As she was guided across the Florence State Prison complex on a hot June day, ASU professor Devoney Looser said she was nervous and didn't know what to expect from her newest pupils: a group of men imprisoned for sexual offenses.
But what Looser said she found was a classroom of men eager to learn about the writings of 18th-century writer Jane Austen.
Looser, a foundation professor of English at ASU and author who specializes in Austen's writing, said that the works can teach readers about social structures, hierarchies, economics and gender relations.
“I think all of those things that make (Austen) successful in the regular classroom have a lot to offer in the prison classroom too," she said.
Looser was invited in June 2018 as a guest speaker for the class, which was offered through the Prison Education Programming at ASU's Department of English.
The program, among other efforts, hosts a variety of courses for ASU students to learn about incarceration and its intersection with literature, and it helps develop and support a network of initiatives connecting ASU students and faculty to education efforts within prisons across Arizona.
Cornelia Wells, the director of Prison Education Programming and a senior lecturer of English at ASU, said that education is a basic human right that should not to be deprived from anyone.
“(Prisoners) have a right to education because it is a human activity,” Wells said. “It’s part of who we are.”
Part of the purpose of the program is to take a more human-centric approach within the criminal justice system and help reduce the likelihood of repeat offenders.
Released prisoners are arrested at rates 30 to 45 times higher than the general population, according to the Office of Justice Programs' Sex Offender Management Assessment and Planning Initiative, but the RAND Corporation reports that prisoners who receive any sort of education are up to 43 percent less likely to reoffend and return to prison.
Looser said she makes no attempt to downplay the damage done by sex offenders, as she has seen the profound consequences of these types of crimes through working with survivors of campus sexual assault at ASU.
But everyone, she said, deserves an education, regardless of the reprehensible things they have done in the past.

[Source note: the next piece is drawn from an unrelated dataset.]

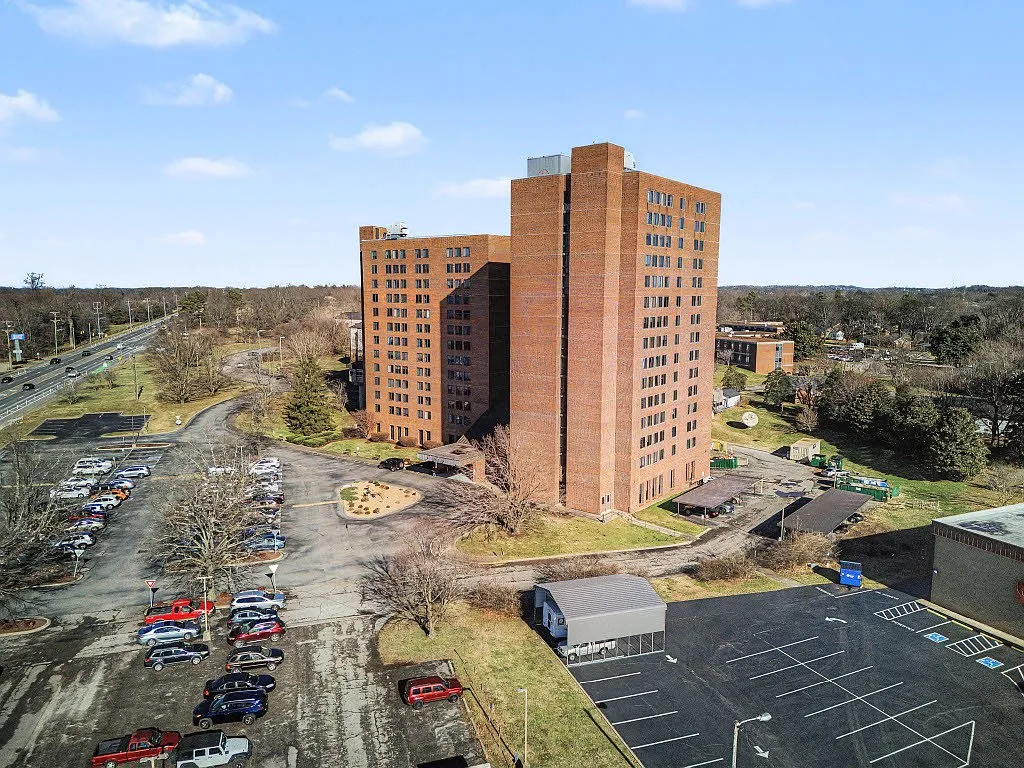 Building Photo - 4343 Lebanon Pike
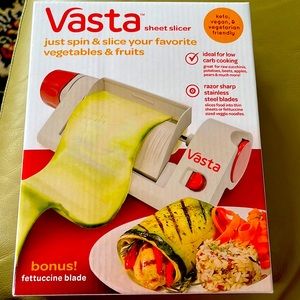 NIB! Vasta Vegetable and Fruit Sheet Slicer.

“I think we should be doing much more to bring educational opportunities to prison environments,” Looser said. “Not only for the good of the prisoners, but for the good of the community.”
Joe Lockard, an associate English professor at ASU and the program's founder, invited Looser to teach at the prison and said he believes that there is an ethical imperative to teach prisoners.
Lockard, who has taught a prison literature class at ASU, teaches a poetry workshop every Friday with inmates at the Florence State Prison.
He said he not only sees firsthand how much prisoners value the opportunity to learn, but also the value of the work they produce.
“Prisoners are engaged in the life of the imagination, just like the rest of us,” he said. “They're just as human.”
Wells said that the lack of education among most prisoners is a reason why many of them may enter prison in the first place. Prison education, she said, can help correct that systemic problem.
More than half of former prisoners only have a high school diploma or GED, according to the Prison Policy Initiative, and a quarter have no accreditation at all. This lack of education is part of the reason why formerly incarcerated individuals have a 27 percent unemployment rate, the organization said.
Wells said that addressing the problem requires a paradigm shift.
“We need rehab and education,” she said. “Not more prison and punishment.”